Desde el 23 al 26 de Noviembre se celebró en la Universidad de Laguna (Tenerife) el I Congreso Atlántico Tricontinental de Mediación, bajo el sugerente título de Innovando, construyendo convivencia. En él se dieron cita profesionales de distintos ámbitos: del Derecho, Psicología, Educación… Como asesorías acreditadas en Mediación Escolar, tuvimos la suerte de participar en la 3ª sesión del Congreso en el Taller dirigido por Sara Cobb, una de las figuras más relevantes a nivel mundial en el ámbito de la mediación, impulsora del denominado modelo circular-narrativo para la mediación y resolución de conflictos.foto-con-sara-cobb

De las diversas sugerencias e ideas surgidas al calor tanto de las intervenciones como del taller, nos gustaría señalar algunas de especial relevancia para nuestro ámbito educativo.

Comprobar como desde ámbitos como el jurídico fundamentalmente, la mediación aparece como uno de los modos más adecuados para una resolución digna y satisfactoria de los conflictos, en los que las partes sienten reparados sus daños. Es lo que se conoce como justicia reparadora o restaurativa, es decir, “es una forma de pensar la justicia cuyo foco de atención son las necesidades de las víctimas y los autores o responsables del delito, y no el castigo a estos últimos ni el cumplimiento de principios legales abstractos”

Esto traducido al terreno educativo es lo llamamos convivencia positiva, que pone más el acento en las acciones positivas y proactivas que meramente reactivas y punitivas. Es más, tal y como se afirmó en una de las mesas de debate, es en el ámbito educativo donde adquiere plena justificación el recurso a la mediación como forma idónea de resolución de conflictos. La razón es muy clara: cuanto antes nos eduquemos en la cultura de la mediación mayores garantías existirán en el futuro de que convivamos en una sociedad menos violenta.

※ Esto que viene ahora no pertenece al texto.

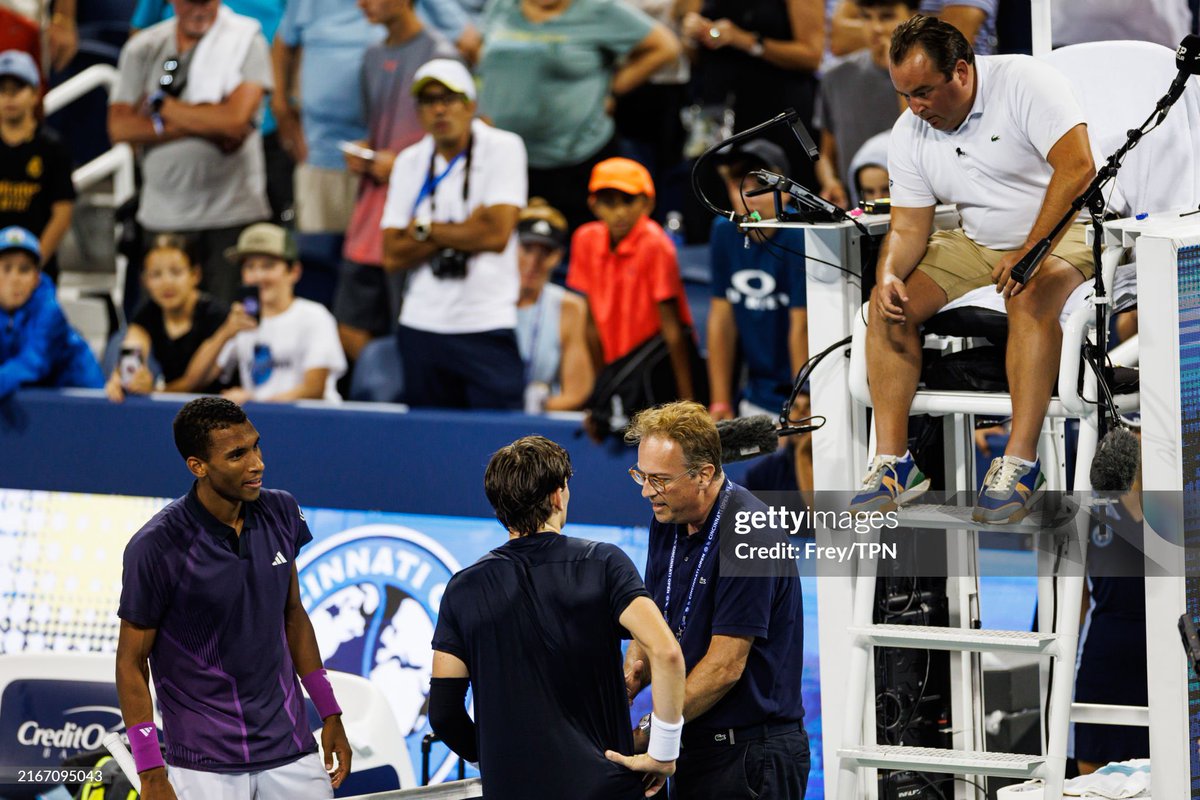 On the match point controversy: whether Jack saw the weird bounce or not, he did offer to replay the point so it makes no sense to hate on him. The umpire was at fault here.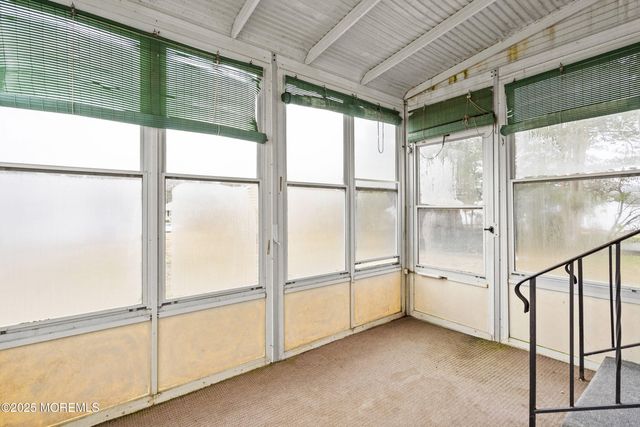 33 Gardenia Way, Toms River, NJ 08755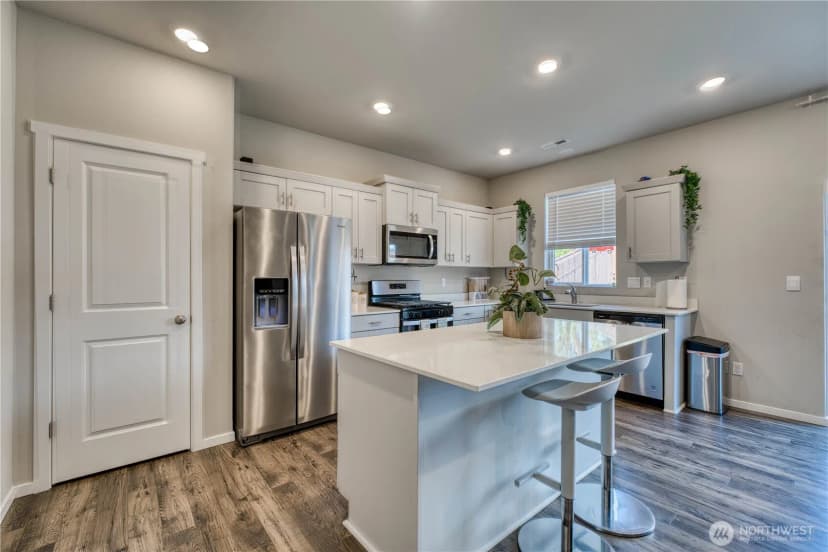 Property photo for 106 17th Drive, Snohomish photo 6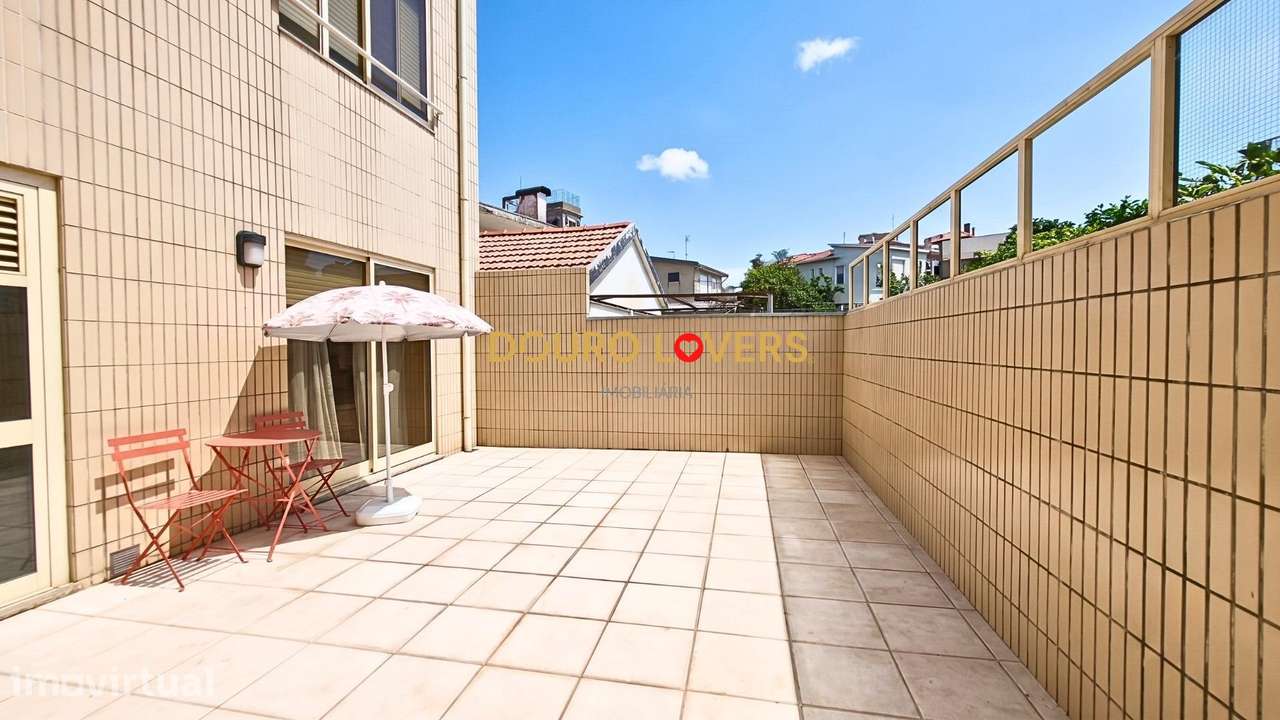 Apartamento T1+1 com terraço no Vyla Penedo - Grande imagem: 4/29
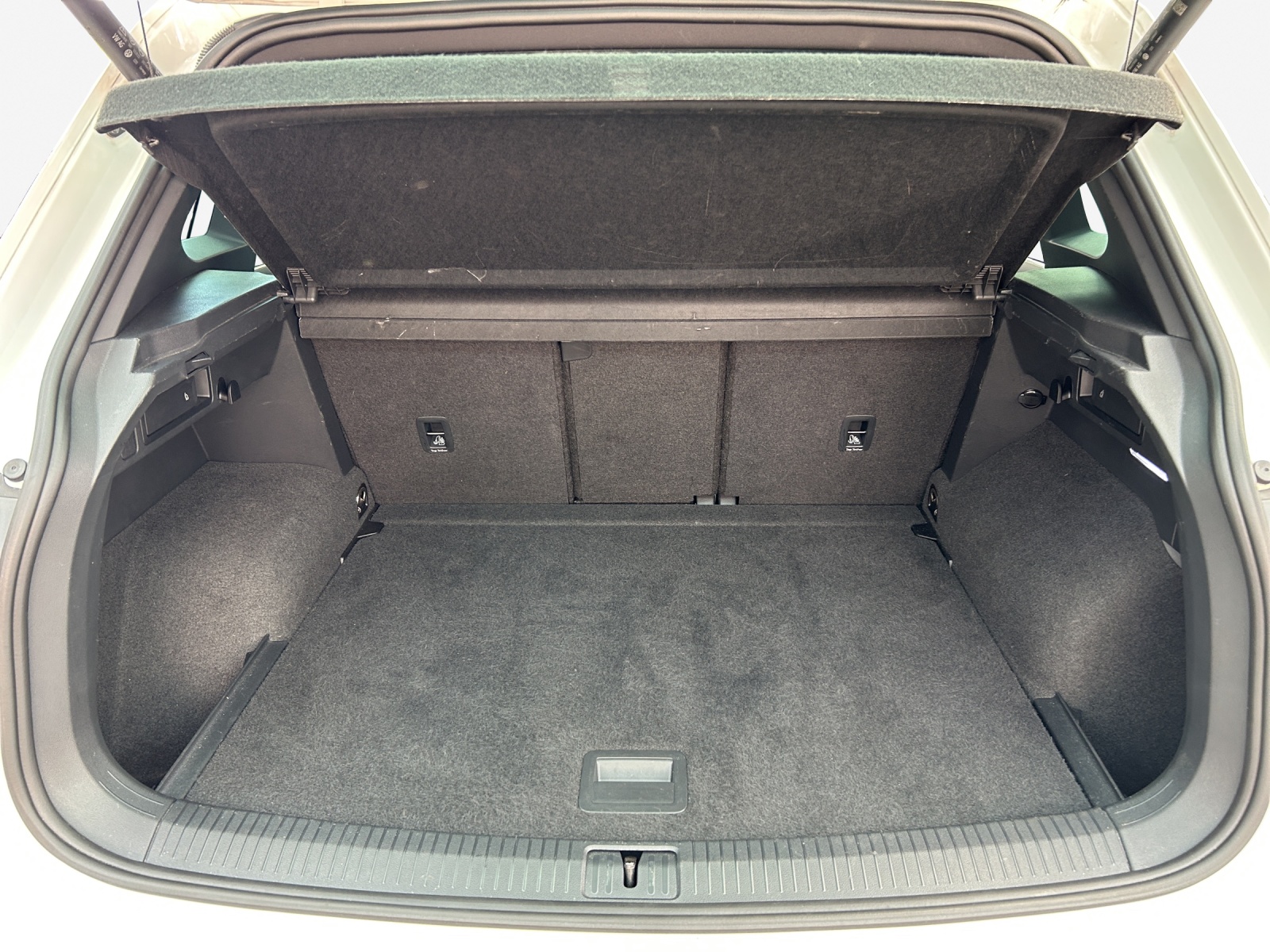 VW Tiguan 2.0TSI R-Line 4Motion DSG-image-12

En definitiva, es totalmente inviable de cara a la mejora de la convivencia en nuestros centros educativos insistir de forma unilateral en el mero cumplimiento de ciertas normas con sus correspondientes sanciones. Es necesario algo más. Cuando hablamos de conflictos hablamos al mismo tiempo de una oportunidad de aprendizaje, es decir, una oportunidad de construir otra narración más positiva de nosotros mismos y de nuestras relaciones interpersonales. Al fin y al cabo, para eso sirve fundamentalmente la mediación: para construir al otro como “obra de arte”. Las personas somos “obras de arte”, decía Sara Cobb, somos “narraciones que miran al futuro” (Adela Cortina).